Mercredi 7 janvier dernier, au Palais de la Mutualité à Lyon, à l’occasion du leur 40e anniversaire, les Rencontres Primevère* ont coorganisé avec Sans transition!, avec le soutien de La NEF et en coopération avec Lyon 2030, un « grand entretien » avec Timothée Parrique, économiste français, chercheur à HEC Lausanne, spécialiste de la décroissance et de la post-croissance (auteur de Ralentir ou périr - Seuil 2022), conduit par Magali Chouvion, journaliste de Sans Transition!, suivi d’un échange avec le public et d’une séance de dédicaces avec la librairie Raconte-moi la Terre.
Avant d’ouvrir la soirée, Sylvain Godinot, adjoint à la transition écologique de la Ville de Lyon, rappelle que la Ville et la Métropole de Lyon viennent d'obtenir le niveau « Gold » de l'European Energy Award, plus haute distinction européenne qui reconnaît les collectivités engagées dans la transition énergétique et climatique. Ivan Chaleil, lui, Président du directoire de la Banque La Nef, souhaite « rendre l’argent vertueux » car « le système capitaliste n’est plus soutenable », d’où « le besoin de récits alternatifs » tels que ceux de Timothée Parrique.
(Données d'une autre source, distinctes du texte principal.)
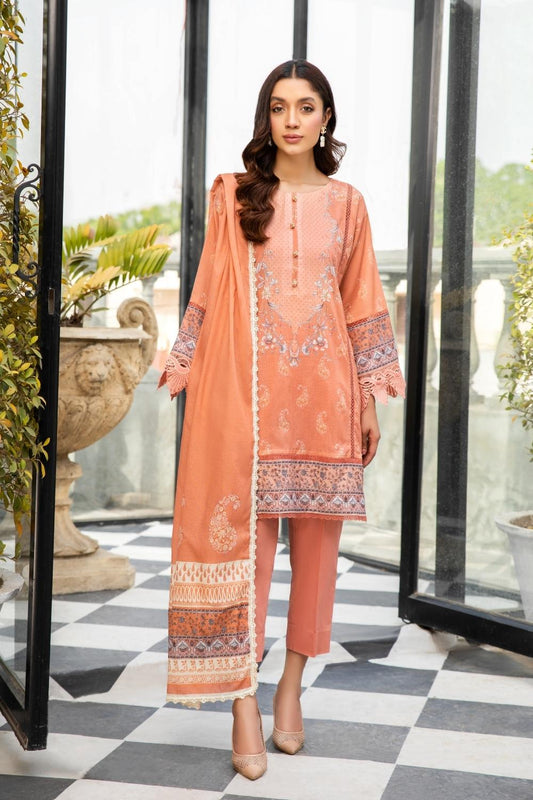 3 PC Unstitched  | Printed Lawn Shirt +  Printed Lawn Dupatta + Dyed Cambric Trouser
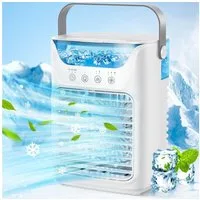 MOPUEA Ventilatorkombigerät Luftkühler Ventilator, 4-in-1-Kühlgebläse mit Sprühnebel, tragbar, Mini Klimaanlage 3 Stufen Timer 2–6h, LED-Licht, 7W, 700 ml Wassertank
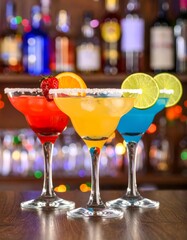 A vibrant trio of margaritas in salted-rim glasses garnished with strawberry, orange, and lime, set against a festive and colorful bar backdrop.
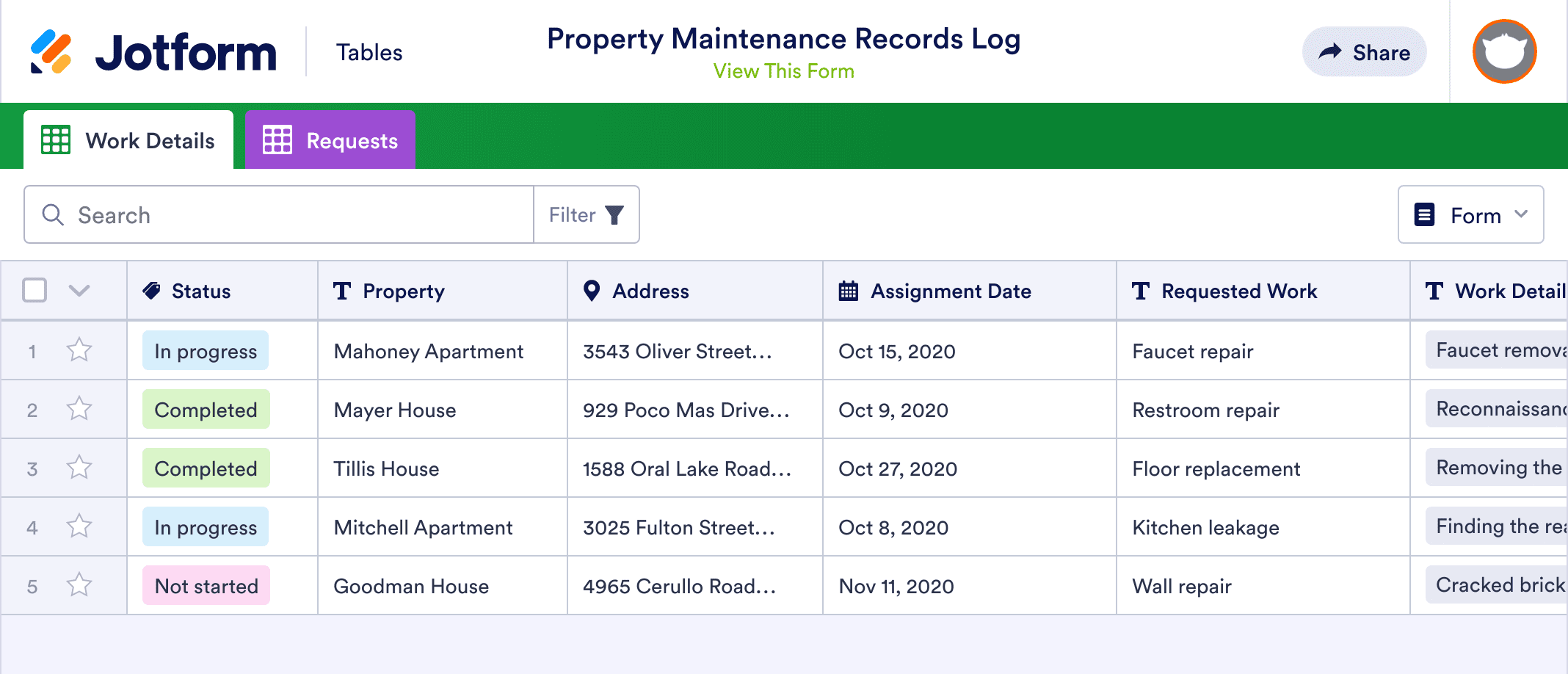 Property Maintenance Records Log
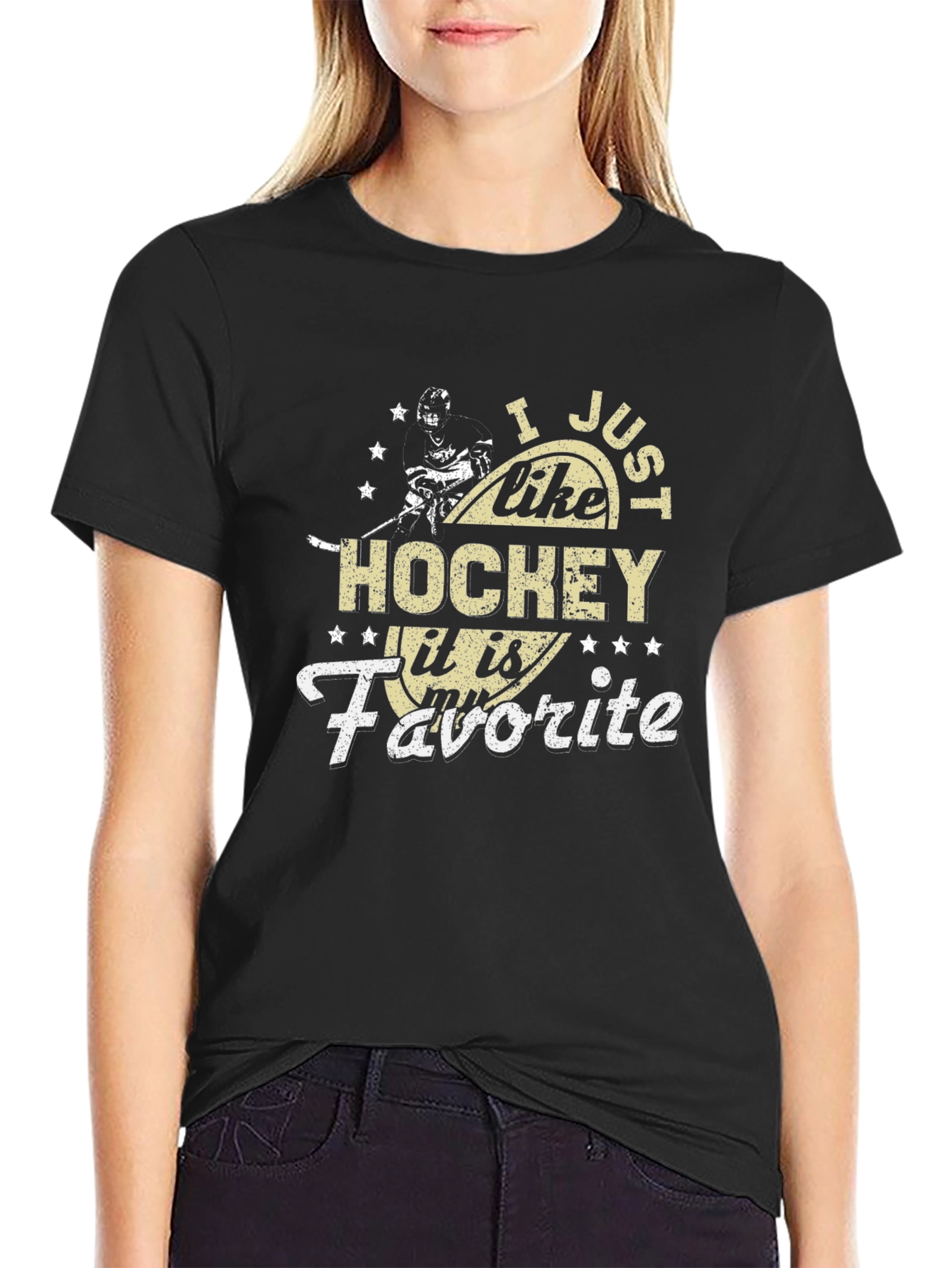 Hockey Fan Graphic Tee - I Just Like Hockey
Timothée Parrique identifie les notions de PIB et de croissance comme des moteurs majeurs du dépassement des limites planétaires. Il rejette le concept de la « croissance verte », considérant qu'une croissance sans pollution, sans extraction de ressources et sans émission de gaz à effet de serre est impossible et propose à la place un modèle de société post-croissance, fondé sur l’égalité, la justice sociale et le bien-être collectif.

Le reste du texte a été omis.